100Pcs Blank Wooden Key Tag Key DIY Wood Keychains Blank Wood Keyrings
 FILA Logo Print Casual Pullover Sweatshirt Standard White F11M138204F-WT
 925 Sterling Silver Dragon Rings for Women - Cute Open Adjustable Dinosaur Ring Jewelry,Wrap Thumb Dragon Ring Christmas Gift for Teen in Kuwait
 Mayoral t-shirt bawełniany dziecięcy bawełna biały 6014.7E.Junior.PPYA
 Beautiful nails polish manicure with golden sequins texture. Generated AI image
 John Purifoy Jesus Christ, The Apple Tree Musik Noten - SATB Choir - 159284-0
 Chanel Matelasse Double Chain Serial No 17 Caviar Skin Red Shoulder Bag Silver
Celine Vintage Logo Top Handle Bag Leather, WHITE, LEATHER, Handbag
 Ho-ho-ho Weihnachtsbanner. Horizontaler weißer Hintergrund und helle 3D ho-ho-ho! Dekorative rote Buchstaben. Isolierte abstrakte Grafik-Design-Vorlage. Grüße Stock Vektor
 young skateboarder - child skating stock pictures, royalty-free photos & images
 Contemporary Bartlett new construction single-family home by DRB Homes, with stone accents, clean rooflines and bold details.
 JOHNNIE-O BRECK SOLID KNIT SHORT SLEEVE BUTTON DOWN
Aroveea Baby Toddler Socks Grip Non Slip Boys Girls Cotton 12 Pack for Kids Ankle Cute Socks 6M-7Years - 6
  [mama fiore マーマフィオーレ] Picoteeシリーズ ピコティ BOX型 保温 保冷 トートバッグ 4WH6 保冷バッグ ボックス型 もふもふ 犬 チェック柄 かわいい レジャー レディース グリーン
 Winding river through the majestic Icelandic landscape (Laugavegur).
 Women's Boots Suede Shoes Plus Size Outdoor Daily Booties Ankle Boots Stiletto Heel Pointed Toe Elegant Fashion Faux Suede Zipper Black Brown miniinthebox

· · · · ·

» How to complete this task
Pull each line that includes the word "Silver" out of the material above.

» Response
 925 Sterling Silver Dragon Rings for Women - Cute Open Adjustable Dinosaur Ring Jewelry,Wrap Thumb Dragon Ring Christmas Gift for Teen in Kuwait
 Chanel Matelasse Double Chain Serial No 17 Caviar Skin Red Shoulder Bag Silver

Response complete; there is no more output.